In Dr. Hendrix’s talk “Protecting Iowa’s Wild Bees: Your Backyard Counts,” we learned that honey bees are the only type of bees that are social. Most bees are solitary bees! Solitary bees create nests in holes in wood, bamboo, or in the ground. These solitary wild bees are important pollinators of almonds, berries, and other crops. Wild bees are more effective at pollination than honey bees because when wild bees visit flowers, the wild bees typically stay for a longer amount of time compared with honey bees. There are over 300 species of solitary wild bees in Iowa!
We learned a little about what life is like for bees who live in Iowa City! What spaces have a lot of greenery and flowers? Where are they located? How does the supply for bee foraging compare with demand?
And, finally, we learned what we can do to help bees thrive!
Bees will flock (or buzz?) to native prairie plants, so it helps to plant the following:
- Zizia aurea (golden alexanders)
- Dalea purpurea (purple prairie clover)
- Amorpha canescens (leadplant)
- Ratibida pinnata (grayhead coneflower)
The four plants listed above are known to be exceptional at attracting bees. However, planting any species of native flower will be helpful! Size doesn’t matter—even small gardens and potted plants will help!

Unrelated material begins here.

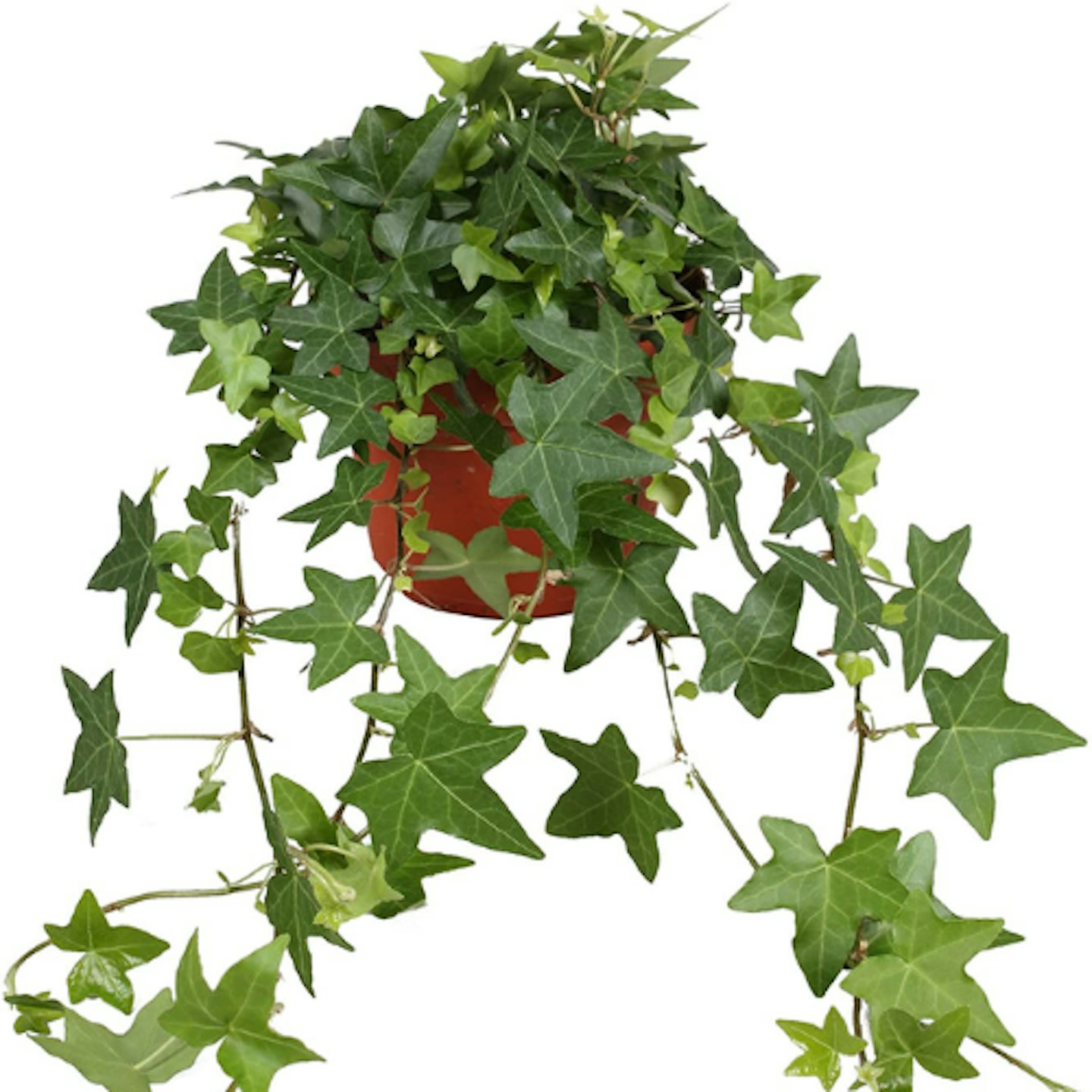 Amazon, English Ivy, £22.49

You can create nesting spots for bees, such as this bee house:
You can reduce your use of lawn chemicals to help bees. You can even let your lawn grow a little longer and take a break from mowing. You can leave stems and be a little less tidy! The bees will like this, and you will too!
We appreciate everyone who came out to learn about Iowa’s wild bees! Thank you to Dr. Hendrix for sharing the scoop on Iowa’s wild bee population with us!
Goodbye, Dr. Hendrix and biology students!